Garrison Keillor suggests that the reason midwesterners are so laconic is because they spend time around large animals.   It’s not good to startle large animals, or even to take them off their own schedule.

I suggest that being around large aging people offers the same training. 

As my sister’s Airdale got older and older, he was clear about his needs: he needed when he needed when he needed it.   Rain was no reason to delay a walk, and walking was no reason to delay standing and sniffing for a while.   I took care of him then, and I took care of him at the end, when I used the breaker bar to soften the earth while her ex-husband dug his grave at the side of the pond.

My father has much the same idea now.  There is no reason to eat bad pie, or to not toss off another long letter to an expert, explaining where everyone has gone wrong by not paying attention to physical thinking in engine design.   He does what he does on his schedule, and while he will do for others, make it simple, easy and short.

My mother has never liked schedules.  Christine would always get cranky with me when I backtimed schedules, like the TV producer I am, but she knew it wasn’t really a bad thing.   My mother, on the other hand, sees anyone trying to rush her as a reason to resist and slow down.  I often need to listen to her talk for a half hour to forty-five minutes after the time she should have started getting ready to leave for an appointment just to get her centered enough.   She feels the drowse and she caves.

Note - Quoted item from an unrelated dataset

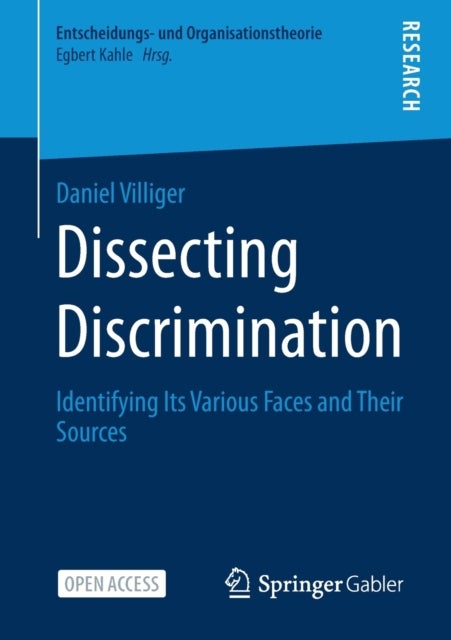 Dissecting Discrimination - Identifying Its Various Faces and Their Sources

What this means, this resistance to set schedules, the resistance to keep them, and the push towards some inner desire, is that my schedule has to be soft and flexible, all the time.  When people want what they want when they want it, you have to be here to deliver.  And you have to be laconic about, it not just patient but also implacable.  It is amazing, for me, how much energy and concentration it takes to be mild.

I’m on their schedule, at their whim.   It’s hard.  It means that I have really no chance to build a head of steam, the pressure of motivation to get me going.   The requirement to not upset the residents in their stalls goes deep.  Your tooth crumbles at dinner?  Just be quiet about it. 

Chris Rock is out promoting his new movie about marriage.  “Only married people understand how you can love someone and hate them at the same time,” he says.  “You tell your freinds what’s going on, and they say ‘That’s awful!  Get out of there man!  Just leave her!” and you say ‘But I love her so much!'”

It’s my belief that he just wasn’t paying attention or wasn’t committed enough in other relationships if he thinks that just occurs in marriage.  All relaionships are the same, as ACIM reminds us.

My mother enjoyed going out yesterday.  She informed us that she might go out again today, maybe to retrieve the bag my father left at the checkstand. 

Or, she said, maybe not.

And my only responses can be slow patience & love.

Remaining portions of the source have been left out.